This is a common misconception, as bioenergy is the energy extracted from the biomass, as the biomass is the fuel and the bioenergy is the energy contained in the fuel.
Biomass is any organic material which has stored sunlight in the form of chemical energy. As a fuel it may include wood, wood waste, straw, manure, sugar cane, and many other by-products from a variety of agricultural processes.
Depending on the type of biomass, it can be combusted either to generate heat or to produce electricity. It can also be digested to generate biogas, processed to produce bioliquids for heat or power generation, or used as a transport fuel, a "biodiesel".
Why use Biomass?
Biomass is a renewable, low carbon fuel that is already widely, and often economically available. Its production and use also brings additional environmental and social benefits. Correctly managed, biomass is a sustainable fuel that can deliver a significant reduction in net carbon emissions when compared with fossil fuels.
Categories of biomass materials
Biomass in various forms can be used for a range of energy options, through a variety of technologies, to achieve various end purposes.
Within this definition, biomass for energy can include a wide range of materials.

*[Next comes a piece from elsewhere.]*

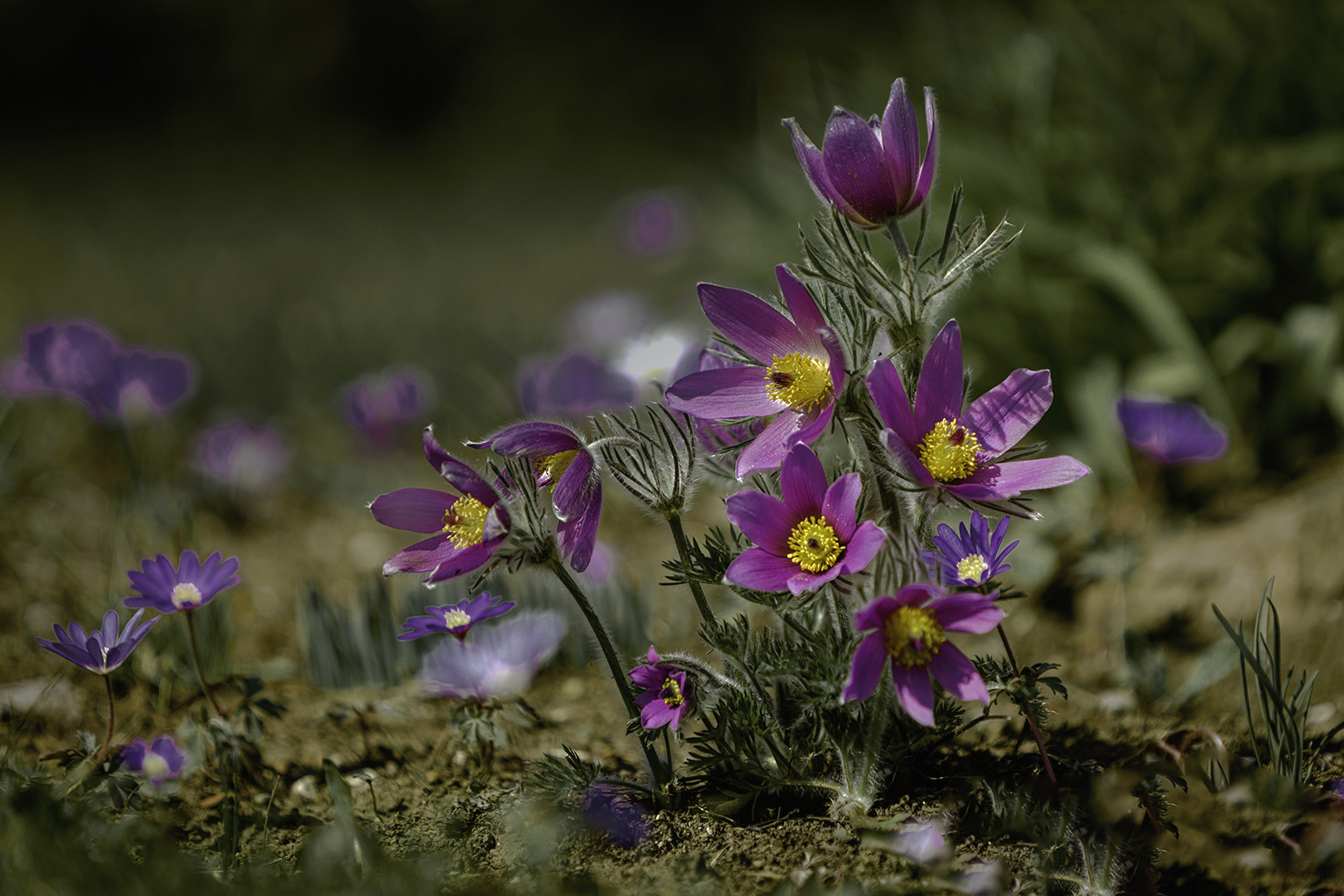 Frühlingsblumen im Garten Foto & Bild | landschaft ...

There are five basic categories of material:
- Agricultural residues: residues from agriculture harvesting or processing
- Food waste, from food and drink manufacture, preparation and processing, and post-consumer waste
- Industrial waste and co-products from manufacturing and industrial processes
- Virgin wood, from forestry, arboricultural activities or from wood processing
- Energy crops: high yield crops grown specifically for energy applications
Using biomass to achieve a carbon balance
The combustion (direct or indirect) of biomass as a fuel also returns CO2 to the atmosphere.
Source: Environment Agency (2009): 'Minimising greenhouse gas emissions from biomass energy generation'
However this carbon is part of the current carbon cycle: it was absorbed during the growth of the plant over the previous few months or years and, provided the land continues to support growing plant material, a sustainable balance is maintained between carbon emitted and absorbed.
Biogas is a flammable gas that accrues from the fermentation of biomass in biogas plants.
Biogas is produced by anaerobic digestion or fermentation of biodegradable materials such as biomass, manure, sewage, municipal waste, green waste, plant material and energy crops. This type of biogas comprises primarily methane and carbon dioxide.
Biogas can be used as a low-cost fuel in any country for any heating purpose, such as cooking. It can also be used in modern waste management facilities where it can be used to run any type of heat engine, to generate either mechanical or electrical power. Biogas can be compressed, much like natural gas, and used to power motor vehicles.
Biodiesel is a biosynthetic fuel with similar properties as mineral diesel.
It is a biodegradable transportation fuel for use in diesel engines that is is typically made by chemically reacting lipids (e.g., vegetable oil, animal fat) with an alcohol.
It may be used either as a replacement for or as a component of diesel fuel (distinct from the vegetable and waste oils used to fuel converted diesel engines).
5 Good reasons to use biomass as a sustainable fuel:
- Correctly managed, biomass is a sustainable fuel that can both offer a significant reduction in net carbon emissions compared with fossil fuels.
- Biomass can be sourced locally, contributing to security of supply.
- Biomass can offer local business opportunities and support the rural economy.
- The establishment of local networks of production and usage, allows financial and environmental costs of transport to be minimized.
- Woodlands, forestry and agriculture are generally perceived to be an environmentally and socially attractive amenity by the population, providing opportunities for recreation and leisure activities.